Only the pope can speak with authority in answering these questions —not cardinals in interviews, not cardinals in private lectures, not theologians writing in journals, not bloggers on Patheos or One Vader Five.

And also, the Dean of the Rota gives a warning that the pope could strip Cardinal Burke and the other three of the cardinalate for their impertinence in making all this public and causing scandal.

Well, okay, perhaps the cardinals should not have made it public. Perhaps that was ill-advised. But stripping them of their red hats would be “most childish and unbecoming a successor of St. Peter,” to quote one individual commenting on the story on my Facebook page.

And because of all this, the impression many people have is that the pope wants confusion, likes confusion, does not wish to clear up confusion, and if there is confusion he must scoff at confusion. [And don't we all know it by now. That was implicit in his two-word exhortation to the faithful, "Haga lio!" Make a mess. Yet when he first said this four months into his papacy - and he has said it many times since then - no one seemed alarmed about it and many even praised it. As if it was not the primary duty of a pope, any pope, to prevent confusion in his flock but rather to provide clarity about the teachings of the Church. ]

No, the reason we have a pope is so that the pope can provide answers to questions that arise in the Church. Questions have arisen. For the good of the body, for the unity of the Church, the pope must answer the questions. Only the pope can do so with authority. That is why we have a pope.
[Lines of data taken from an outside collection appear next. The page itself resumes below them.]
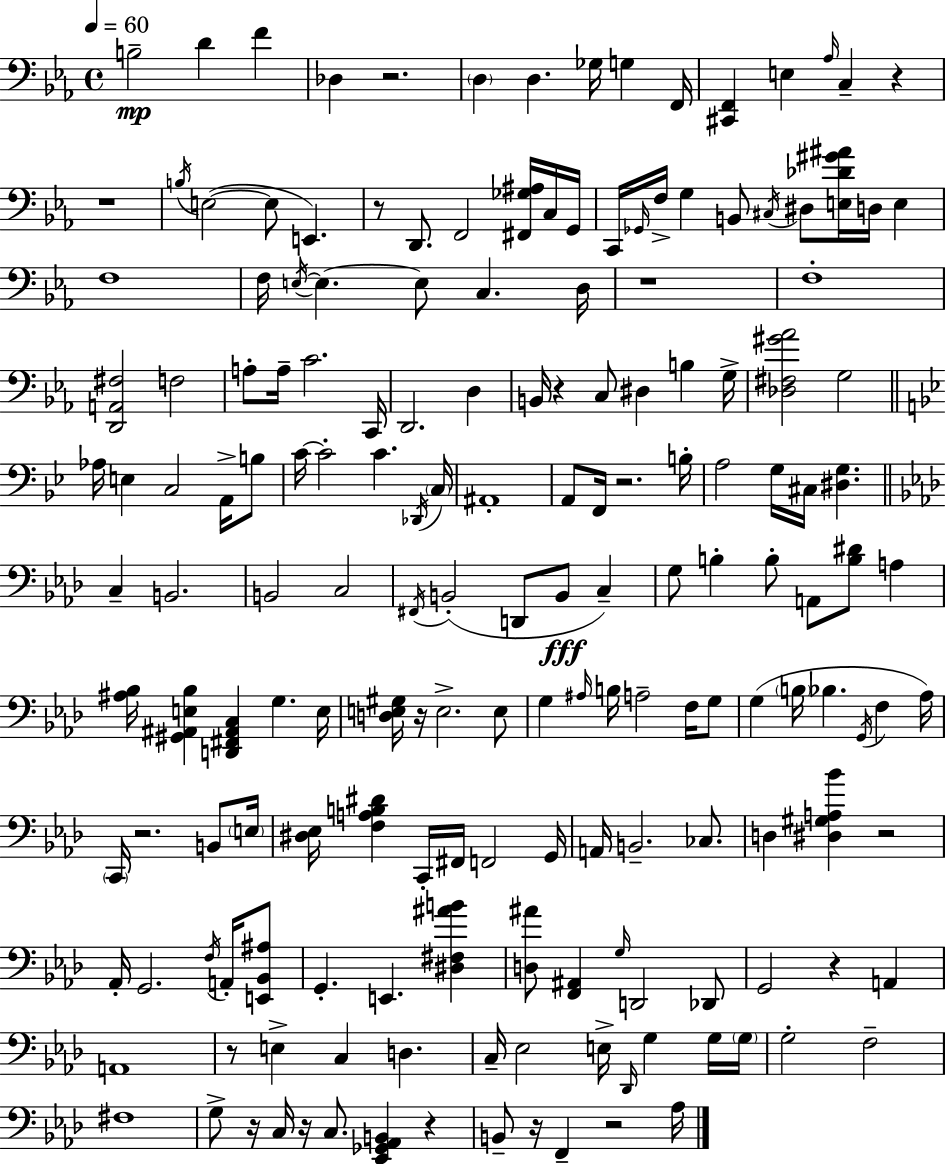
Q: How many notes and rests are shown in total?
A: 175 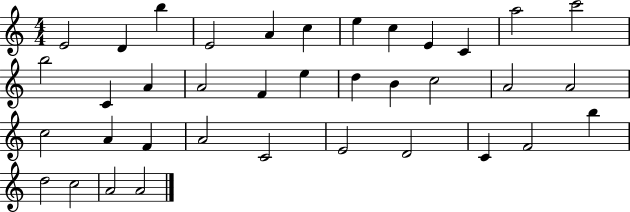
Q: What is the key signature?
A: C major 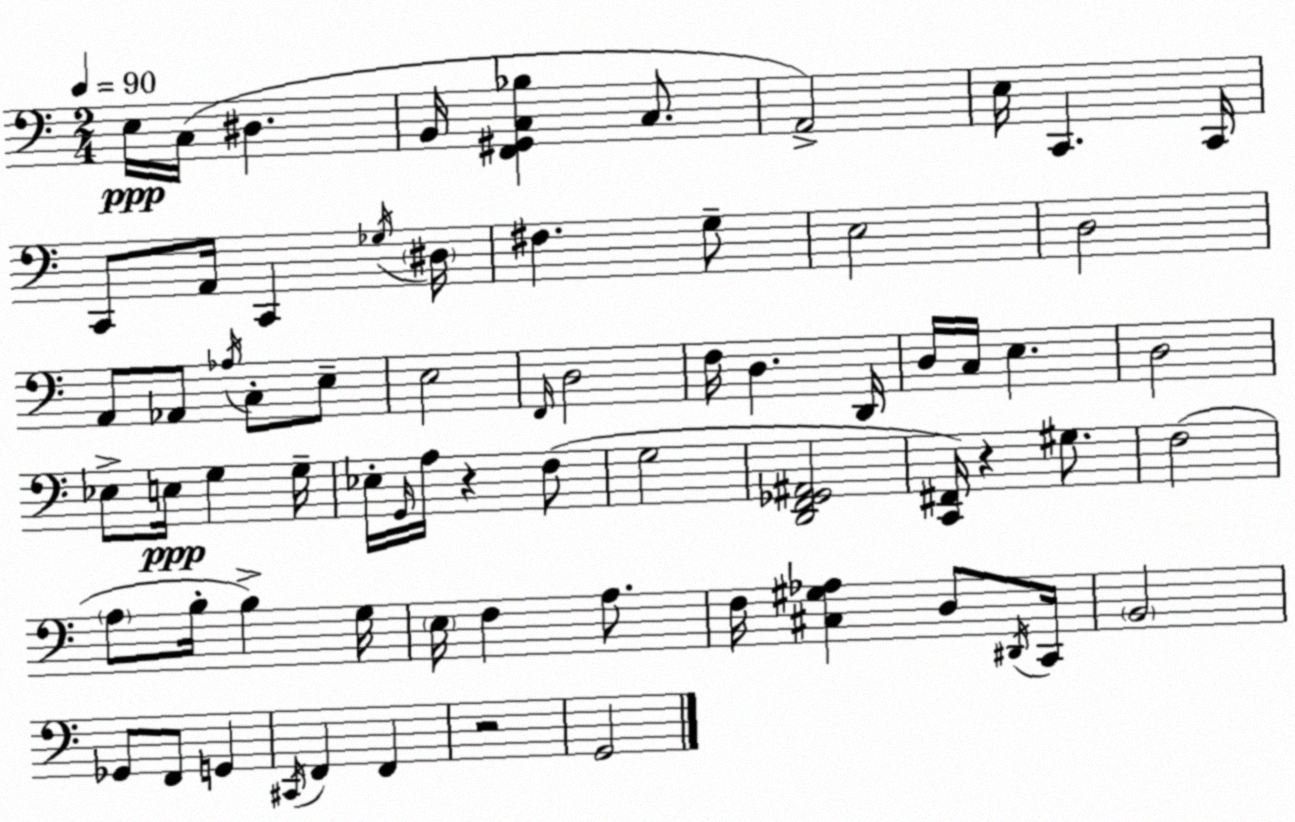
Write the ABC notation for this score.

X:1
T:Untitled
M:2/4
L:1/4
K:Am
E,/4 C,/4 ^D, B,,/4 [F,,^G,,C,_B,] C,/2 A,,2 E,/4 C,, C,,/4 C,,/2 A,,/4 C,, _G,/4 ^D,/4 ^F, G,/2 E,2 D,2 A,,/2 _A,,/2 _A,/4 C,/2 E,/2 E,2 F,,/4 D,2 F,/4 D, D,,/4 D,/4 C,/4 E, D,2 _E,/2 E,/4 G, G,/4 _E,/4 G,,/4 A,/4 z F,/2 G,2 [D,,F,,_G,,^A,,]2 [C,,^F,,]/4 z ^G,/2 F,2 A,/2 B,/4 B, G,/4 E,/4 F, A,/2 F,/4 [^C,^G,_A,] D,/2 ^D,,/4 C,,/4 B,,2 _G,,/2 F,,/2 G,, ^C,,/4 F,, F,, z2 G,,2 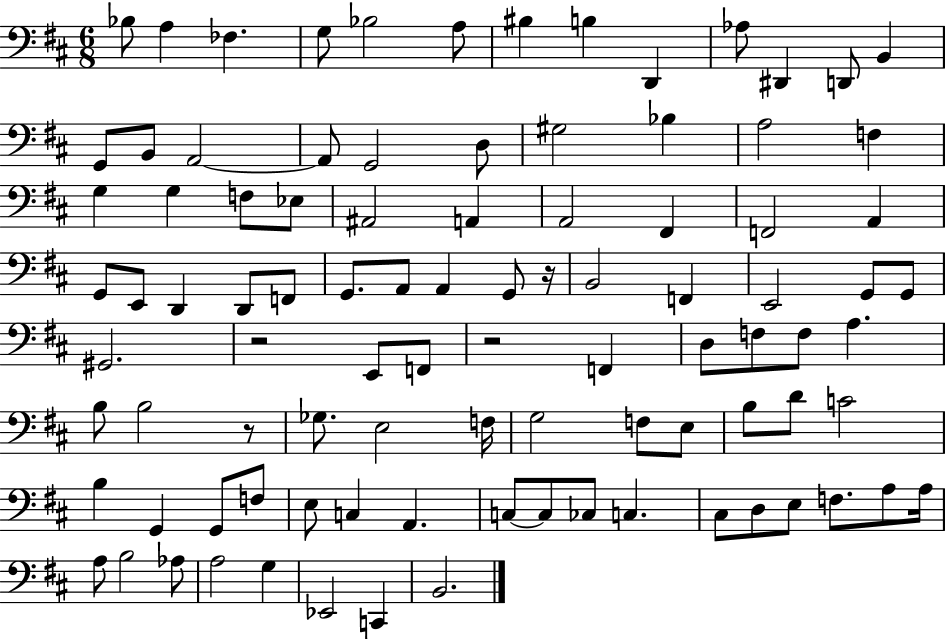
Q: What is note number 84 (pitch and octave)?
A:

I want to believe Amoris Laetitia is consistent with Church teaching, but if it is, why does the pope have such a difficult time clarifying that consistency?

Roma, loquere. [Even if his Latin may not be gramatically correct, I think Alt means, "Rome, speak!" as in the saying "Roma locustus est, causa finitas est" (Rome has spoken, the cause is closed).]

A MOST RELEVANT P.S.
With all due respect to Our Beloved Pope, has he ever really stopped to look at the traditional Seven Spiritual Works of Mercy? (No one could seriously consider his addition of an eighth work, spiritual as well as corporal, that has to do with caring for the environment), of which the first three are these:
ADMONISH THE SINNER.
INSTRUCT THE UNINFORMED.
COUNSEL THE DOUBTFUL.
-
all of which he generally fails to do as popes ought to do and deliberately neglects specifically in refusing to answer the DUBIA.